(Image-backed grounding data)
---
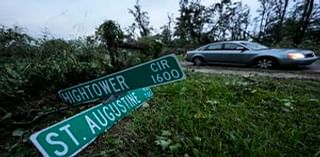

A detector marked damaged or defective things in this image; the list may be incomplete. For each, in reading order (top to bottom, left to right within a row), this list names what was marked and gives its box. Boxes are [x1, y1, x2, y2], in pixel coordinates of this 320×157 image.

bent sign post [57, 54, 185, 105]
bent sign post [30, 87, 154, 156]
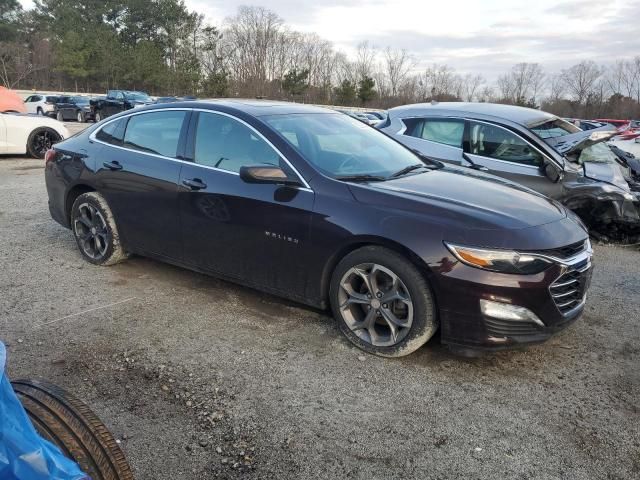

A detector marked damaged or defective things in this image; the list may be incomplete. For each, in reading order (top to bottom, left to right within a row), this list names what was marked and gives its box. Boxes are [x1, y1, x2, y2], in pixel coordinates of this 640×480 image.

white damaged car [0, 112, 68, 158]
car with deployed airbag [45, 101, 592, 356]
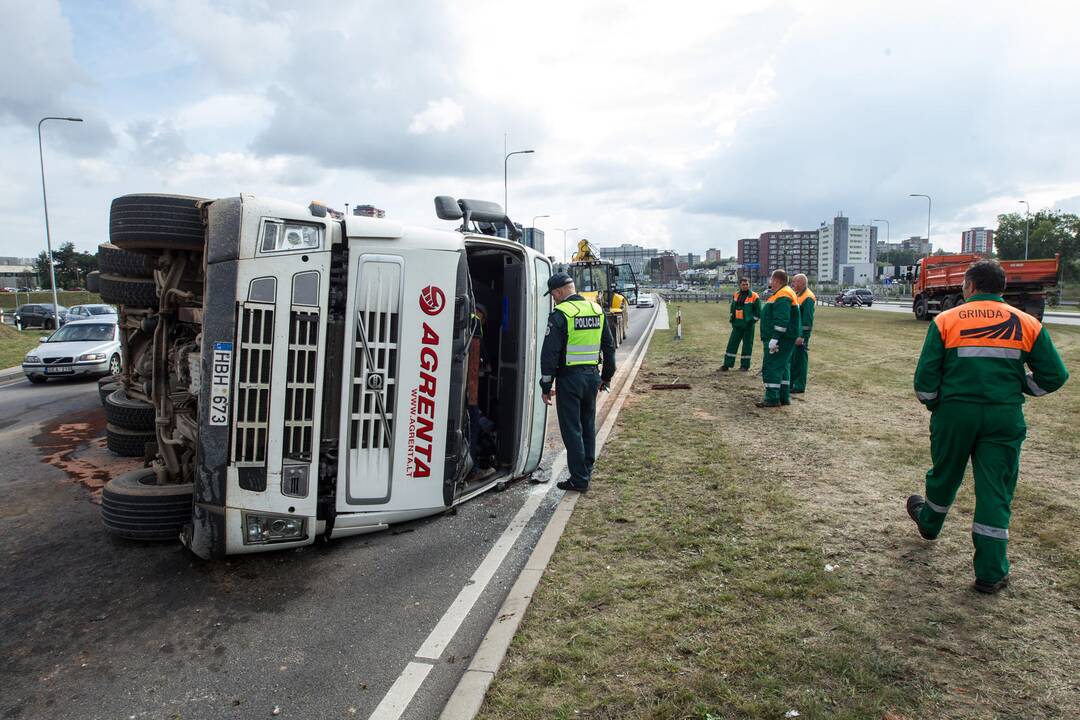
---
**Exercise directions:** You need to copy every entry exactly, taking out only the pictures.

**Solution for this exercise:**
A detector marked damaged or defective things in this image; the list may be incomplete. For each, in reading order (top to bottom, left to right within a row), this list names what was marked and gives its box. Boxes are [x1, y1, x2, y2], in pixel coordinates of this 320×157 image.

bent sign post [57, 54, 185, 105]
bent sign post [30, 87, 154, 156]

A detector marked damaged or defective things in this image; the list may be incomplete. For each, in reading order (top to bottom, left to right within a row), this list names what was marked and gives its box. Boxes are [x1, y1, x2, y2], in pixel coordinates of this 640×480 image.

white damaged car [0, 112, 68, 158]
car with deployed airbag [45, 101, 592, 356]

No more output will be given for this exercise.